I hear you. Listen to this: I got to my treestand on Saturday only to find a note, from someone telling me to remove my equipment. I actually found notes on all my stands. I called the owner to find out who would have left the notes, but no response. I've been hunting there 3 years with written permission. The tough part was i didn't see a deer all weekend. I made it a point to stay out of the area for the past month and sneak in on opening day. Whoever it was, definately pushed all the deer around and left tons of scent around my stands.


----------



## Weekender#1 (Mar 25, 2006)

A year ago I was informed that one of the farms that I hunted, the ground had been leased to an another hunter, I needed to stay out. The farmer that leased the property was POed as this hunter went to the land owner (out of state) not the farmer. Well I stayed out of the farm and I was pissed also. But a year later I am back at the farm the leaser is out on his ear. And last night I took a rookie who harvested his first deer. The leasie did not harvest a single deer last year, trophy hunter only, so the farm is loaded with deer now, last week I saw a bachelor group of 6 bucks under the 9 pt stand. 
So bite the bullet for the year and things can change, remember the guy that may be hunting the farm with you may be family, so you will not get him removed, make a stink and someone will be gone but family is forever.


----------



## Angler ss (May 15, 2008)

I know the best hunting is on private land. I ask myself this question if I can get permmission who elsa has it. Me and my buddy got the ok to hunt a woods next to his house. When then land owners son came in from out of town and found out we were hunting his dads woods he was pissed at us. We didn't know this guys son even hunted his dad gave us permmission why be mad at us. For this reasons and what others have posted I hunt state land.I never will be asked to leave and there is enough room for everyone. [bow season]


----------



## jay74 (Mar 1, 2006)

like I said Ill be the bigger man. There other spots on the property that get deer passing through it. Maybe this is a blessing.


----------



## reel (Dec 15, 2004)

> I got to my treestand on Saturday only to find a note, from someone telling me to remove my equipment


Sounds like a typical "anti" acting illegally ?
...


----------



## EYEFISHER2 (May 11, 2008)

hey if it was me finding a note on my stand telling me to remove it i would count my blessings that i didnt find my tree empty...i know to many ppl that get stands stolen and never find out by who but thats just me...i guess your a lil more lucky


----------



## Procraft180 (Apr 10, 2008)

I have had the same issue about two years ago when the area I hunt was filled with amish/mennonite they used to pull up in a tractor, and wagon I bet there would be at least 15-20 of them to hunt just under 100 acres.
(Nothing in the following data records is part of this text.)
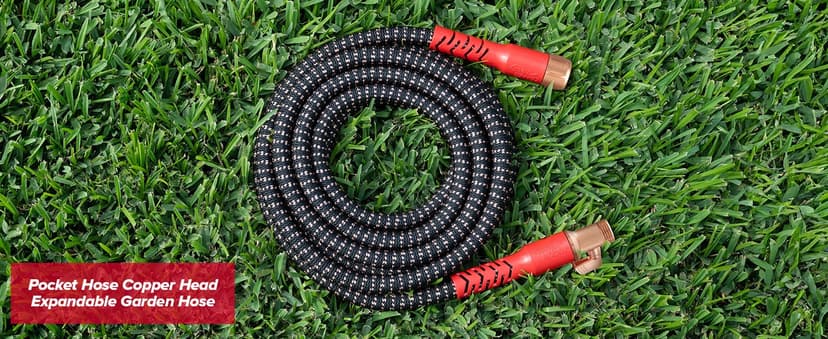 Pocket Hose Copper Head w/New Pocket Pivot Expandable Garden Hose 100FT, AS-SEEN-ON-TV, Swivels 360°, Advanced Tri-Tex Tubing & Force Field Jacket, 3X Stronger, Lead-Free, No-Kink, Anti-Burst w/APT
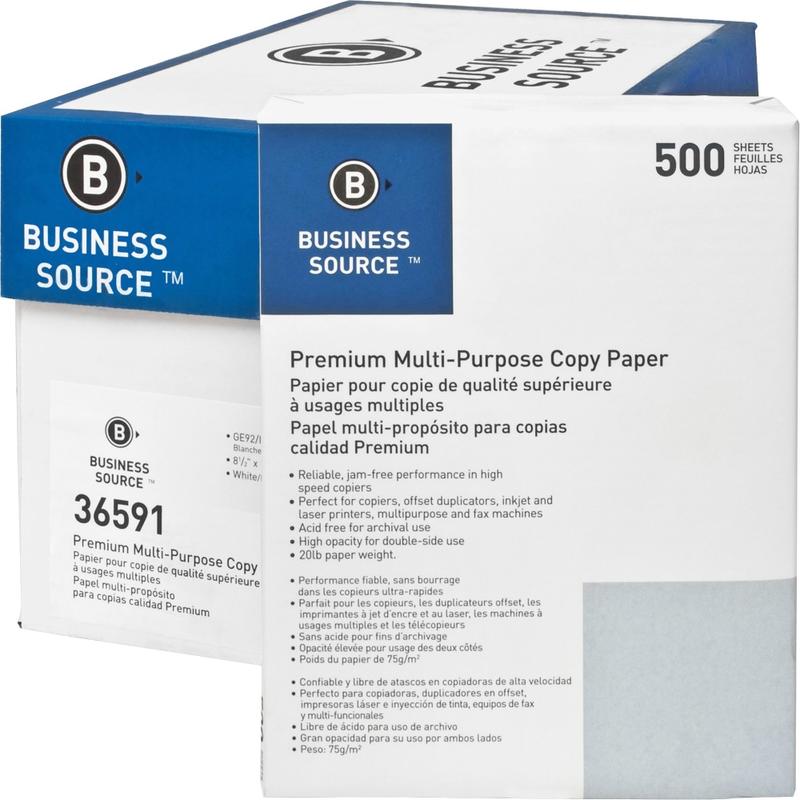 Business Source Premium Multi-Use Printer & Copy Paper, White, Letter (8.5in x 11in), 5000 Sheets Per Case, 20 Lb, 92 Brightness, Case Of 10 Reams MPN:36591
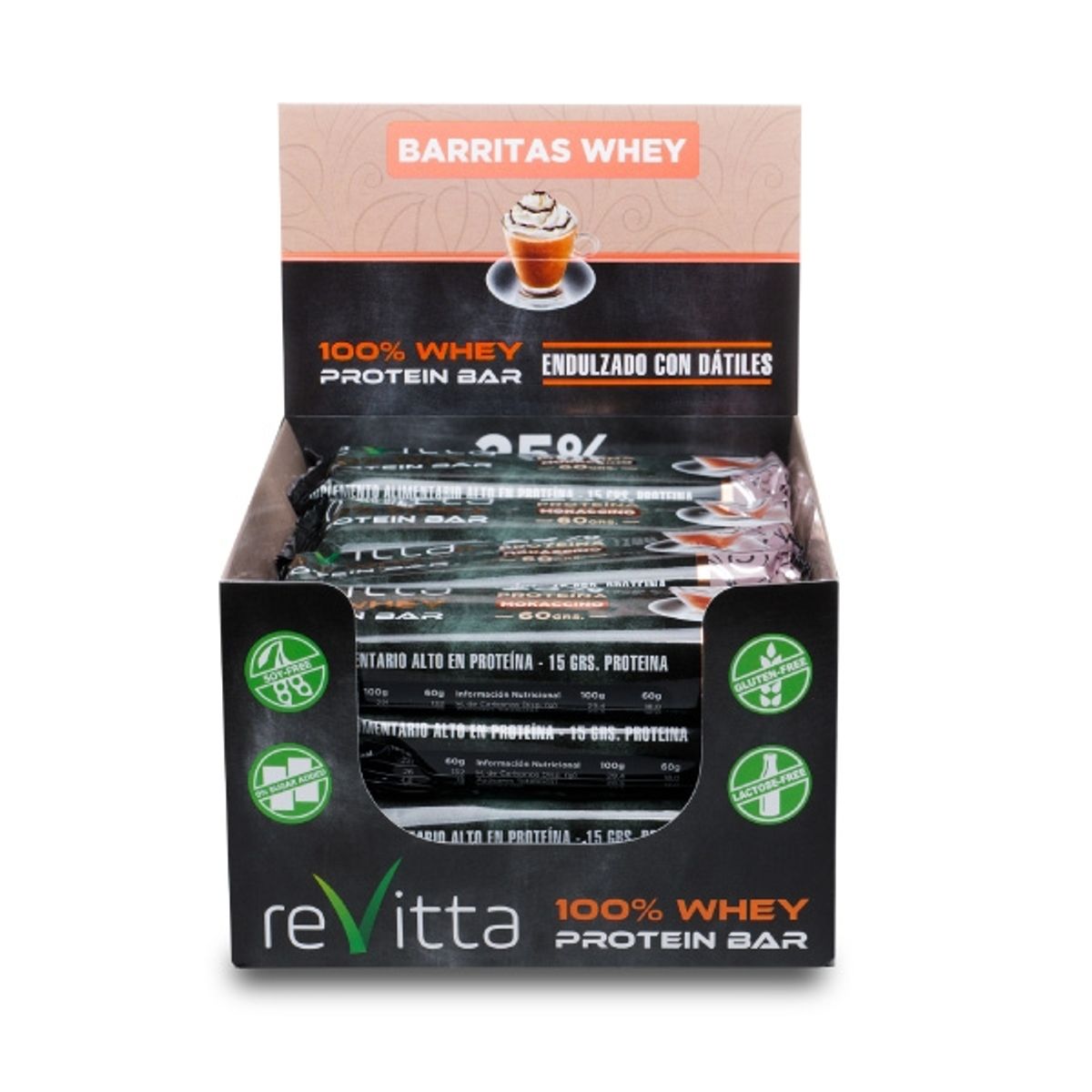 REVITTA WELLNESS - Caja 16 barritas Whey sabor mokaccino 45 grs.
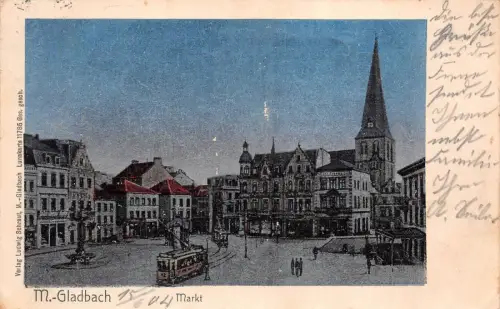 M.-Gladbach Markt Straßenbahn Postkarte AK 1904
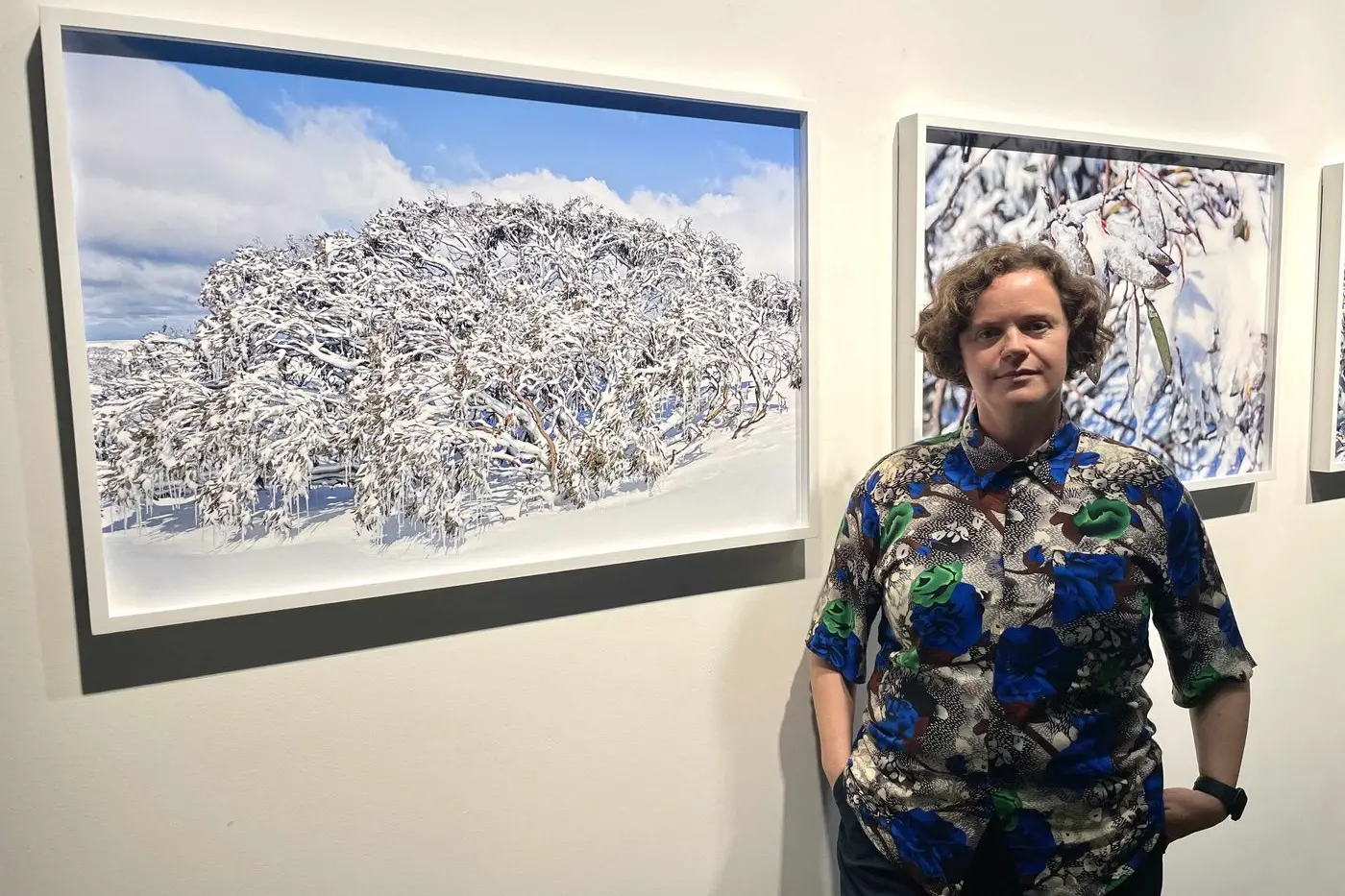 SNOW-WHITE-NOISE: Co-curator and artist Sarah Lynch standing in front of her work. PHOTO: Anna Kiparis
They would have treestands (not exaggerating) 20 yards from each other in a line from the fence row back to the creek which is no more then 200 yards they would be lined up in rows all the way back and every 50-75 yards was a row of more of them and my stand happened to be in the middle, Well the landowner said that they were given permission and I talked wiht him and told him what was going on and he told me that he gave 2 of them permission next evening i was out there and was getting ready to shut my phone off when the owner called me and said that if they showed up there to tell them that there stands are at his house. I have yet to see them since this happened. I have a couple new buddies this year who will be joining me and glad to see its actually just people who love to hunt and take care of the place and not people like the amish who were out there in groups. Needless to say neither of them got a deer after i took my uncle out there and we set on each ends of there little group


----------



## beatsworkin (Apr 12, 2004)

And then by extension there would be one less hot headed fool out there as well. 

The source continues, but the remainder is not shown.